Zwiedzając czeską Pragę, niemalże na każdym kroku spotykałem sprzedawców, którzy sprzedawali trdelník, wmawiając nieświadomym turystom, że to czeski smakołyk, a turyści, jak to turyści, uważali to za atrakcję i na gwałt kupowali nawet te dziwaczne trdelníki z lodowym nadzieniem, które ostatnio właśnie w Pradze robią furorę.

Będąc w Krakowie czy we Wrocławiu, napotkałem kioski, w których sprzedawano kołacz, będący niesamowicie podobny to słowackiego trdelníka. Gdzie więc szukać prawdy, do kogo należy pierwszeństwo tego przysmaku?

Uhonorowany

Mieszkańcy Słowacji wiedzą, że ten oryginalny i najbardziej znany to trdelník skalicki, wpisany nawet na słowacką listę niematerialnego dziedzictwa kulturowego.
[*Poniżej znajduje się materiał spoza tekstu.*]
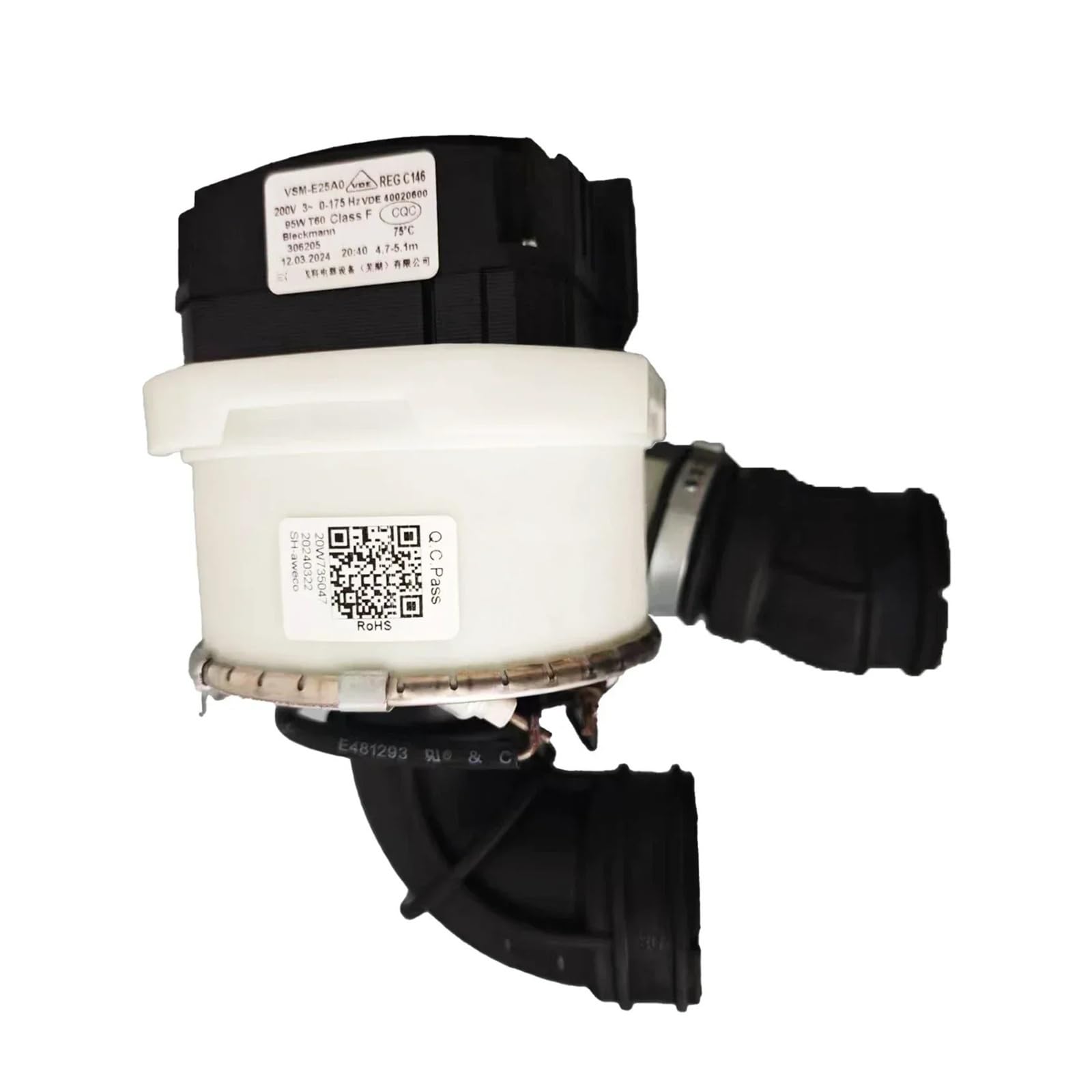 Mooyaya VSM-E25A0 11001012000010 REG C146 Dishwasher Circulating Pump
Kiedy zaglądamy do polskiej Wikipedii, pod hasłem „trdelník” czytamy: tradycyjne słodkie ciasto pochodzące ze Słowacji, z miasta Skalica. Jest wykonane z walcowanego ciasta, owijanego wokół kija, a następnie grillowanego i posypanego cukrem wymieszanym z orzechami oraz z cynamonem.

Trdlo? Co to jest?

Skąd się wzięła nazwa? Ciasto piecze się na trdle, a trdlo to drewniany wałek z rączką, wyrzeźbiony z drewna bukowego, kiedyś też gruszkowego, o średnicy zewnętrznej około 6 cm i długości zazwyczaj 16 cm. To na niego nawija się ciasto, by je upiec nad żarem.

Produkcja trdelnika jest uregulowana ścisłą procedurą. Drożdżowe ciasto z orzechami należy nawinąć na wałek. Następnie ciasto smaruje się ubitym białkiem jaj. Tak przygotowany specjał piecze się, kręcąc wałkiem w różne strony, by produkt został właściwie upieczony i zyskał odpowiedni kolor: w środku żółty, na zewnątrz brązowy.
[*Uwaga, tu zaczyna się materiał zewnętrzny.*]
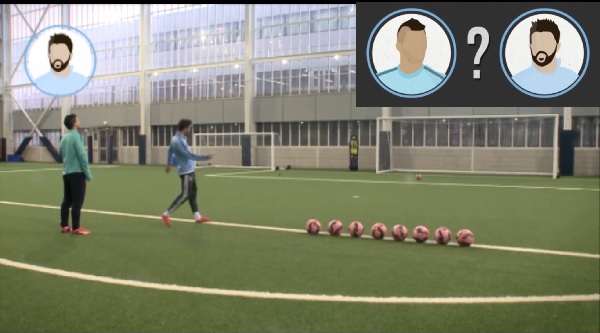 VIDEO: Sergio Aguero và David Villa so tài trong thử thách sút bóng trúng xà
Po upieczeniu posypuje się go cukrem pudrem zmieszanym z cukrem waniliowym albo innymi posypkami, np. zmielonymi orzechami włoskimi, cynamonem, migdałami czy nawet kakao. Waga klasycznego trdelnika wynosi  500 g. Ciasto po wypieku pakuje się do folii spożywczej lub papierowej torebki.

 

Historia trdelnika

Produkcję trdelnika skalickiego datuje się na początek XIX wieku. Gospodynie ze Skalicy oferowały ten domowy produkt przy różnych okazjach, takich jak wesela, chrzciny, Boże Narodzenie czy karnawał. Na przełomie XIX i XX wieku sprzedawano go również na jarmarkach. Produkcja trdelnika skalickiego na większą skalę rozpoczęła się dopiero w połowie XX wieku.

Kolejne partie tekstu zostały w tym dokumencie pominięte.